Suicide of Civilization

There is a line in Will and Ariel Durant’s The Story of Civilization: “piracy returned to the seas, rejoicing in the suicide of States”, or words to that effect. Meaning, of course, that when the defenders of law and order either can not or will not do their duty, the lawless will grow ever bolder. The Somali pirates, small in and of themselves, are a harbinger of our future – Mark Steyn takes a look at the issue:

…Once upon a time we killed and captured pirates. Today, it’s all more complicated. The attorney general, Eric Holder, has declined to say whether the kidnappers of the American captain will be “brought to justice” by the U.S. “I’m not sure exactly what would happen next,” declares the chief law-enforcement official of the world’s superpower. But some things we can say for certain. Obviously, if the United States Navy hanged some eyepatched peglegged blackguard from the yardarm or made him walk the plank, pious senators would rise to denounce an America that no longer lived up to its highest ideals, and the network talking-heads would argue that Plankgate was recruiting more and more young men to the pirates’ cause, and judges would rule that pirates were entitled to the protections of the U.S. constitution and that their peglegs had to be replaced by high-tech prosthetic limbs at taxpayer expense.

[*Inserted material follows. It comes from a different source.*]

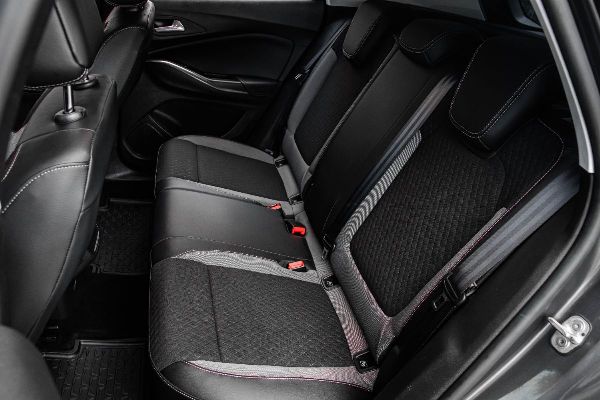 car Opel Grandland X id15895 photo #7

Meanwhile, the Royal Navy, which over the centuries did more than anyone to rid the civilized world of the menace of piracy, now declines even to risk capturing their Somali successors, having been advised by Her Majesty’s Government that, under the European Human Rights Act, any pirate taken into custody would be entitled to claim refugee status in the United Kingdom and live on welfare for the rest of his life. I doubt Pirates of the Caribbean would have cleaned up at the box office if the big finale had shown Geoffrey Rush and his crew of scurvy sea dogs settling down in council flats in Manchester and going down to the pub for a couple of jiggers of rum washed down to cries of “Aaaaargh, shiver me benefits check, lad.” From “Avast, me hearties!” to a vast welfare scam is not progress…

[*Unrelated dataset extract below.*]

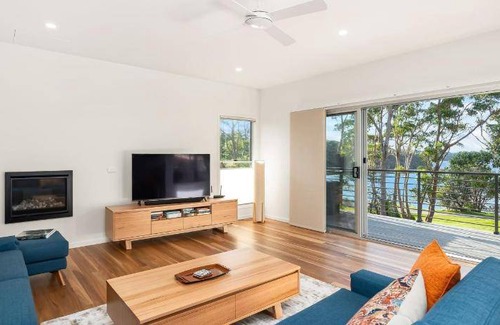 Bawley Point House | 100 m² House ∙ 3 bedrooms ∙ 10 guests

…As my colleague Andrew McCarthy wrote, “Civilization is not an evolution of mankind but the imposition of human good on human evil. It is not a historical inevitability. It is a battle that has to be fought every day, because evil doesn’t recede willingly before the wheels of progress.” Very true. Somalia, Iran, and North Korea are all less “civilized” than they were a couple of generations ago. And yet in one sense they have made undeniable progress: They have globalized their pathologies. Somali pirates seize vessels the size of aircraft carriers flying the ensigns of the great powers. Iranian proxies run Gaza and much of Lebanon. North Korea’s impoverished prison state provides nuclear technology to Damascus and Tehran. Unlovely as it is, Pyongyang nevertheless has friends on the Security Council. Powerful states protect one-man psycho states. One-man psycho states provide delivery systems to apocalyptic ideological states. Apocalyptic ideological states fund non-state actors around the world. And in Somalia and elsewhere non-state actors are constrained only by their ever increasing capabilities.

Word is now out that Captain Phillips has been rescued, and that is a good thing – but while the apparent US military action of freeing Phillips is an excellent lesson to the pirates, it will be worse than useless if not followed up.

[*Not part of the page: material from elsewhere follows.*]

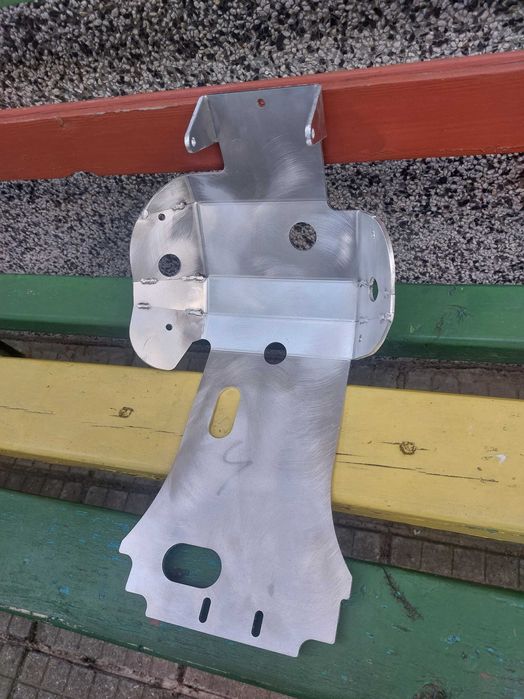 Тава за двигател - КТМ 2000 - 2007 година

If one was looking for a one-word description of what being uncivilized was about, the word “piracy” would fit the bill. Pirates are people who simply latch on to good, productive people and extort a living from them – a feudal baron was a grand improvement because at least he pledged to defend those he lives off of…the pirates just take, and then take some more…and often throw in a bit of rape and murder, when it suits them. The reason why, in order to have a pirate movie, one has to set it back in the 18th century is because for the past two centuries, piracy has been a rarity. And its not rare because pirates went to sensitivity training and learned to respect the lives and property of others. No – they were destroyed, mostly by the Royal Navy, but with some help from the US Navy (and Marines – “to the shores of Tripoli”, and all that). We can either be civilized, or we can allow piracy to continue. Pick one; there are no alternate choices.

The barbarians at the gate must be converted to civilization, or destroyed. And to do this we cannot become fixated on one aspect of barbarism – useful as it would be to take down the pirates, unless we restore a sense of civilization being overwhelmingly superior to barbarism, barbarism will just continue to flourish. What kind of a world do we wish to live in: a world where we talk to barbarians and hope they don’t do anything savage, or a world where we attack and destroy barbarism whenever and where ever we can?